I don't understand. If he's that upset (which he never shows that much emotion) than why wouldn't he have just been there for me. I'm not obsessive and won't chase anyone that doesn't want me and the last emails that I sent him he ignored. If he cares so much about me being with someone else, why did he let me walk away?
Sounds like a fit of jealousy.....I doubt he had an epiphany and will be a caring boyfriend ....he's still the same guy.
You're very vulnerable right now. You've got a lot on your plate...I might stay away from ANY emotional entanglements, right now.
Take some time for yourself. What strikes me is why you keep not only choosing these guys, but allowing yourself to get hurt ...and are afraid to show them your feelings, so you keep a stiff upper lip, til you can't take it anymore.

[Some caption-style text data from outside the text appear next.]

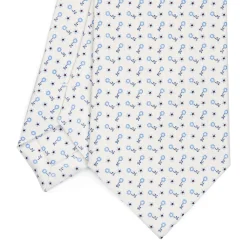 CRAVATTA SARTORIALE CLASSICA IN SETA BIANCA Microfantasia fiore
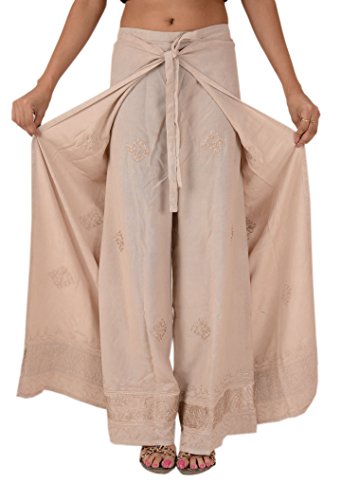 Sanskriti Rayon Embroidered Aladdin Pant, One Size, Cream_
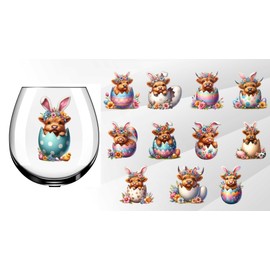 x12 Floral Highland Cow Easter Design Glass Vinyl Decal Stickers pb407
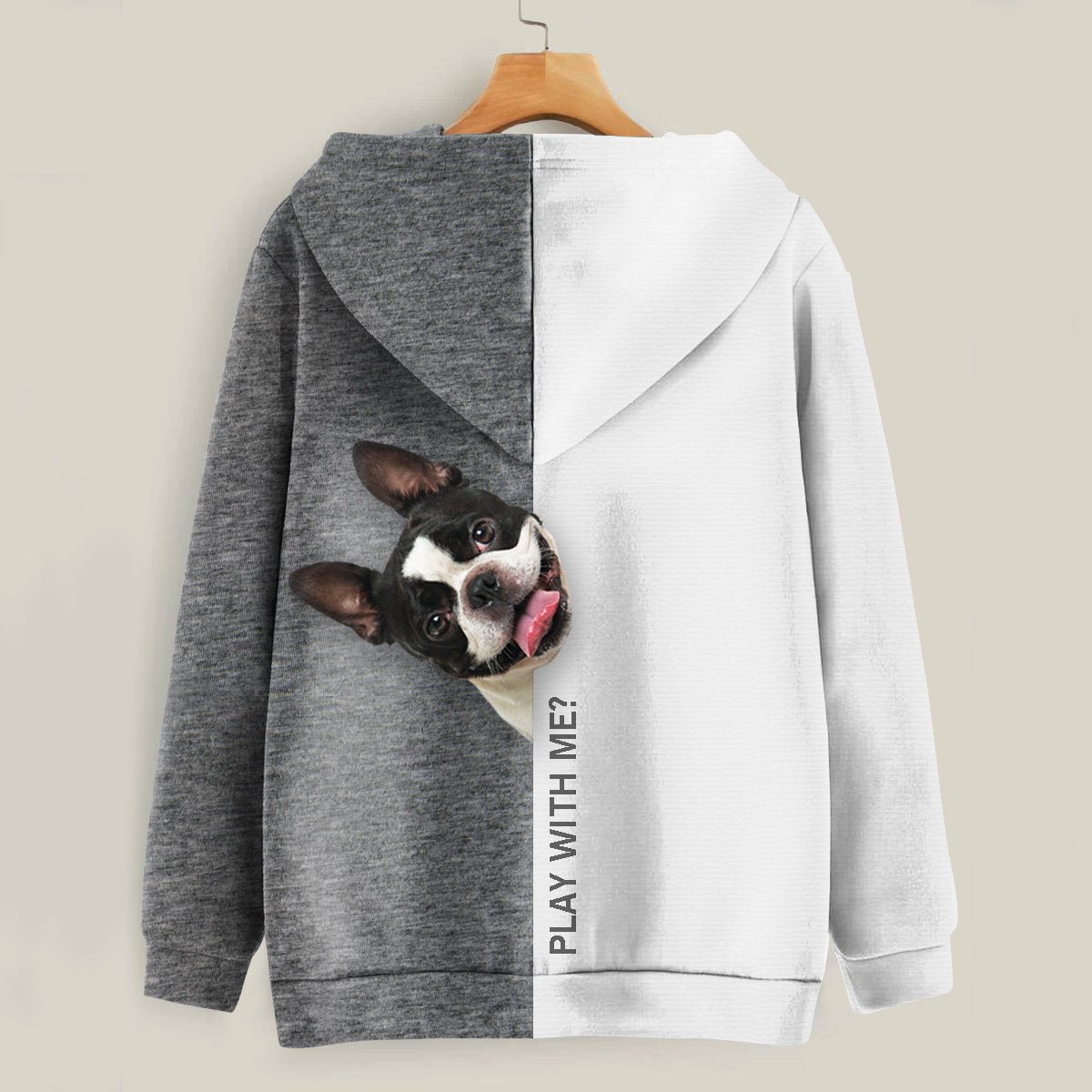 Funny Happy Time - Boston Terrier Hoodie V1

Hmmm, something to think about.
"Sounds like a fit of jealousy.....I doubt he had an epiphany and will be a caring boyfriend ....he's still the same guy."

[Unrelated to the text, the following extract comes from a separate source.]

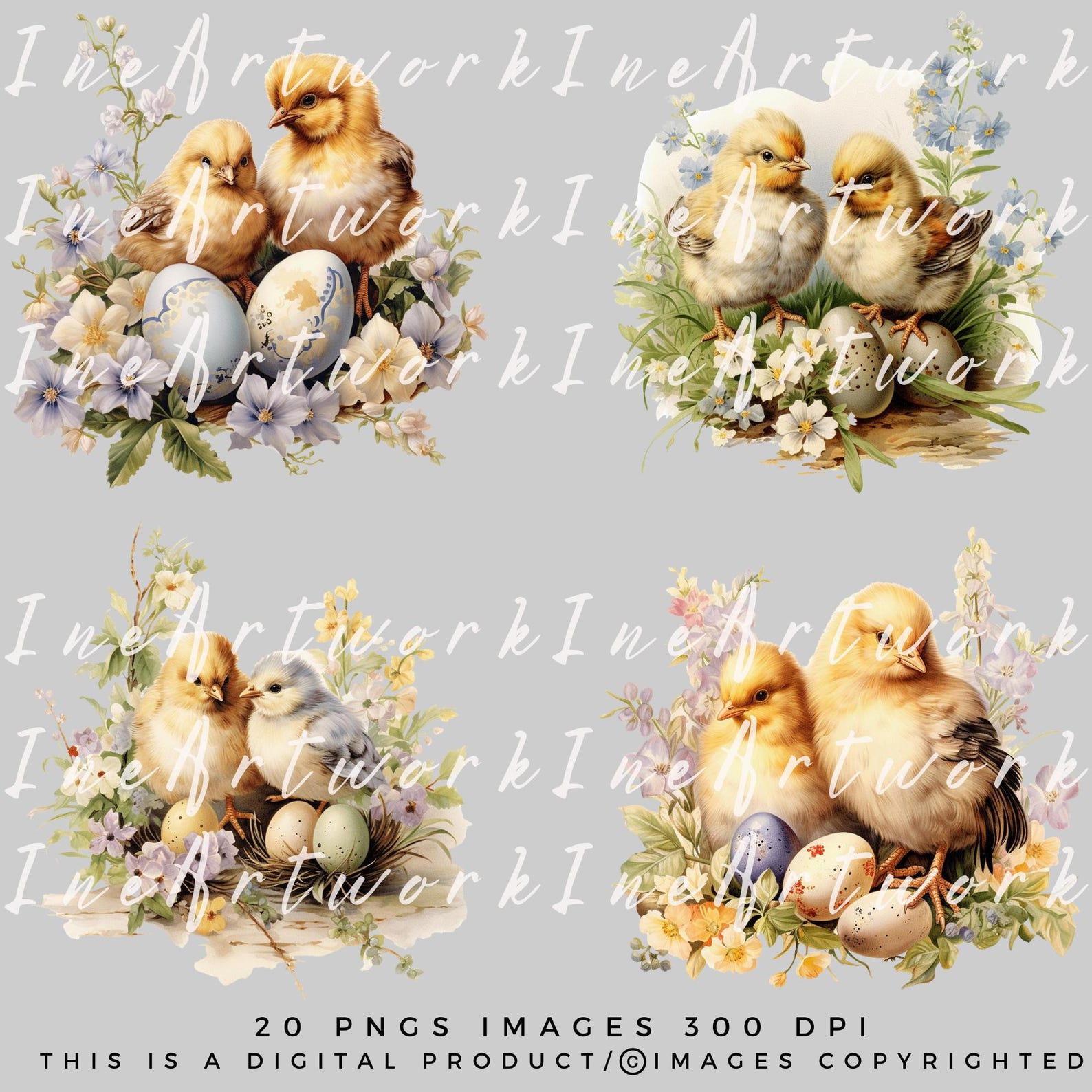 Vintage Easter Chicks Clipart: Watercolor PNG Bundle (commercial Use ...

Exactly as I was thinking.
To tell you the truth I am quite expressive. This guy knows how I feel and I express too much if you ask me. I always say how I feel to all involved. I just don't wait around for a reaction. I let people know what I'm feeling, lay all the cards on the table, but don't chase them around for their rebutal. But I generally tell it like it is and have no problem doing so. I just get frustrated that this guy has nothing to say in return and tend to walk away. It's pointless to keep saying the same things over and over to the same person with no argument.
But today I feel much better. I know that I need this alone time and it was just momentary confusion at my ex's reaction. Thanks for being here to talk. This board lets me listen to myself as well as others and realize how ridiculous I sound sometimes. It's a good sounding board to help, before I make even more uninformed decisions.
I learned from my latest failed relationship which left me devestated that its better to open up your heart right from the start as you could really mess up a potentially great relationship.So I'm not holding anything back anymore..,nothing. I don't want any regrets later on down the road wondering what could have been if I had only done this or said that.